ASEAN summit: South China Sea, coronavirus pandemic cast a shadow
Southeast Asia’s top diplomats to discuss COVID-19 crisis and US-China tensions in South China Sea in online summit.
Southeast Asia’s top diplomats are holding their annual summit with the coronavirus pandemic and rising tensions in the South China Sea amid escalating rivalry between the United States and China topping the agenda.
The 10-nation Association of Southeast Asian Nations (ASEAN) summit began via video link on Wednesday after being delayed by a month due to the pandemic.
The foreign ministers of Brunei, Cambodia, Indonesia, Laos, Malaysia, Myanmar, Philippines, Singapore, Thailand and Vietnam are also set to meet Asian and Western counterparts during the summit.
Russia, Japan, Australia, South Korea and India are among those remotely joining the event hosted by Vietnam that will also include a 27-nation security forum.
“While the COVID-19 pandemic continues to unfold in a complex manner, and our people and businesses continue to be outstretched by its repercussions, the regional geopolitical and geo-economic landscape, including the South China Sea, are witnessing growing volatilities that endanger peace and stability,” Vietnam’s Prime Minister Nguyen Xuan Phuc said in his opening address.
His speech came at a time when China, the US, and several Southeast Asian nations remain embroiled in a tense standoff over actions in the South China Sea.
South China Sea dispute
The long-thorny issue on the agenda is the territorial disputes in the South China Sea involving China, Taiwan and ASEAN members Brunei, Malaysia, the Philippines and Vietnam.
Beijing claims almost all of the South China Sea as its territory and has carried out live-fire drills in the area in recent months.
The US has responded by sending in warships and flying military planes over China’s naval exercises.
In July, US Secretary of State Mike Pompeo declared that Washington regards virtually all of China’s maritime claims in the disputed offshore region outside of its internationally recognised waters to be illegitimate.
The Trump administration effectively sided with the four ASEAN claimant states, along with Indonesia, which have all opposed China’s claims.
China then accused the US of sowing discord in the strategic region. Last month, its military reportedly test-fired two missiles in the South China Sea during exercises.
“The South China Sea issue must be managed and resolved in a rational manner,” Malaysia’s Foreign Minister Hishammuddin Hussein told the meeting. “We must all refrain from undertaking activities that would complicate matters in the South China Sea. We have to look at all avenues, all approaches to ensure our region is not complicated further by other powers.”
China has pushed for the resumption of negotiations with ASEAN on a code of conduct aimed at preventing armed clashes in the disputed waters even as it asserts its claims. This week defence minister Wei Fenghe has been touring Southeast Asia to meet regional counterparts.
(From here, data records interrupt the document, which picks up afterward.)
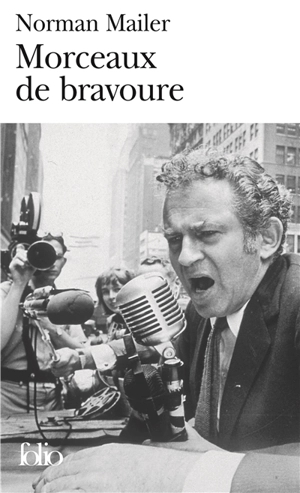 Morceaux de bravoure - Norman Mailer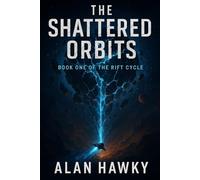 The Shattered Orbits: Book One of the Rift Cycle: 1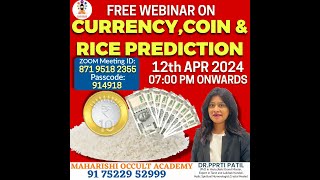 FREE WEBINAR ON CURRENCY COIN AND RICE PREDICTION 120424 FOR MORE INFORMATION 7522952999 [upl. by Uba]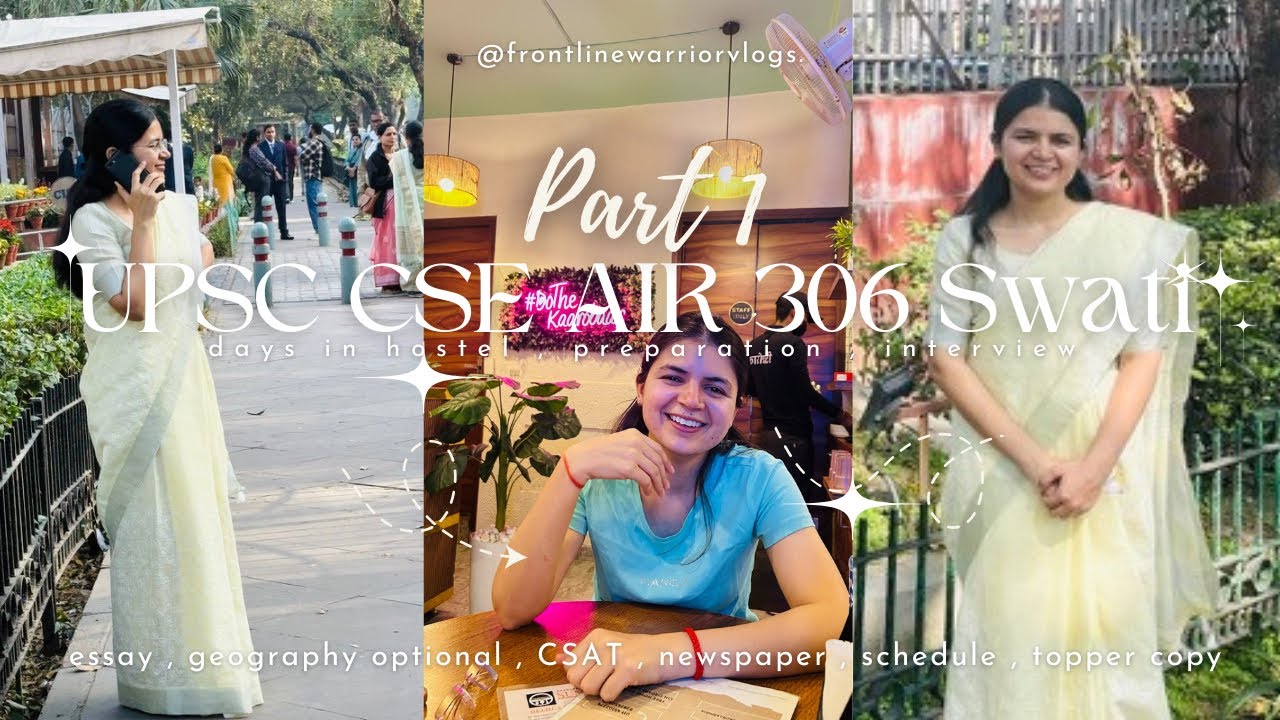 •⩊• AIR 306 Swati Phogat UPSC CSE | days in her life |self evaluation | CSAT #upsc #strategy #study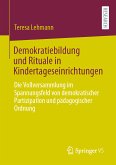 Demokratiebildung und Rituale in Kindertageseinrichtungen (eBook, PDF)
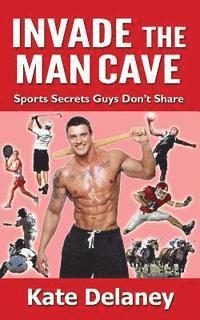Kate Delaney - Invade the Man Cave: Sports Secrets Guys Don't Share, Häftad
Pompeo and his Chinese counterpart, Wang Yi, have confirmed their attendance at the ASEAN Regional Forum, which will also be done by video.
North Korea’s foreign minister will skip the forum, but its representative to ASEAN will participate, according to Vietnam’s foreign ministry.
Also on the agenda is the crisis in the region created by the coronavirus pandemic.
The pandemic has delayed or cancelled dozens of meetings and shut out the colourful ceremonies, group handshakes and photo-ops that have been the trademarks of ASEAN’s annual gatherings.
Earlier this week, Vietnamese Deputy Foreign Minister Nguyen Quoc Dung said the talks would continue to focus on a regional response to the pandemic and ways to help member states recover economically.
The contagion has devastated the region’s manufacturing, export, travel and tourism industries and sparked the worst economic recessions in decades across the region of 650 million people.
Southeast Asian nations have been affected by the pandemic differently, with hard-hit Philippines grappling with more than 240,000 confirmed COVID-19 infections, including nearly 4,000 deaths, and the socialist state of Laos reporting just 22 cases.
The Philippines and Indonesia each have more than double the infections reported by China, where the outbreak started late last year.
A senior Southeast Asian diplomat said a key project is establishing a COVID-19 response fund to help ASEAN member states buy medical supplies and protective suits.
The diplomat said Thailand has pledged to contribute $100,000 and ASEAN partners, including China, Japan and South Korea, were expected to announce contributions.
A regional stockpile of medical supplies has also been approved, and a study to be financed by Japan will research the possibility of establishing an ASEAN centre on public health emergencies, according to the diplomat, who spoke on condition of anonymity as he was not authorised to speak publicly.